It may seem an anomaly: how could infants, who can’t even focus their eyes properly, benefit from their parents reading to them. Even older babies seem more interested in exploring their worlds and are easily distracted when read to.
It’s therefore no surprise that in a general household survey conducted in 2016, only half of children under two are read to. Even as reading to children increases as the children get older, South Africa has a poor reading culture. A third of children under five are never read to.
Overwhelming evidence shows that the first 1000 days of a child’s life are critical for brain development. Consider that about one million neural connections are formed every second in an infant. It’s an astonishing number. Cotlands advocates for the early education of children. These early experiences impact a child’s future, laying the foundations for learning. Reading to a baby is a key tool to achieve this.
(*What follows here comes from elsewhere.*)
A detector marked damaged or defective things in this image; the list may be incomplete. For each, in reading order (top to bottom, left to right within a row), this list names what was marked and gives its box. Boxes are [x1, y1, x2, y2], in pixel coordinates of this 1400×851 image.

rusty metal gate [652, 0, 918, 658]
Dialogic book sharing (an interactive way of shared reading between parent or caregiver and their child) is an evidence-based intervention in lower socio-economic settings to improve reading at an early age. One of the interventions, run by Stellenbosch University, found that infants between 14-16 months showed significant gains in language, attention and social understanding if they were read to from birth. In addition, the number of words babies understood increased with the intervention. A further bonus is the bond that forms between the reader (adult) and child and aults reported increased attention spans.
The world dedicates September to literacy awareness. In South Africa, we need to push for literacy every day.
Cotlands as an early learning facilitator, advocate and thought leader is using play-based learning to build the foundations for literacy. Anything can be used as a printed “book” including an old newspaper. Parents can point to words they see in passing – such as on billboards or street signs. “Books” can also be made from cardboard. While not all communities have working libraries, there may be some resources available.
Sound literacy is assessed as the ability for children at Grade 4 level to use different patterns, differentiate between sounds (decoding) and read quickly and fluently. Who knew that the foundations are laid almost a decade earlier while the child is tiny?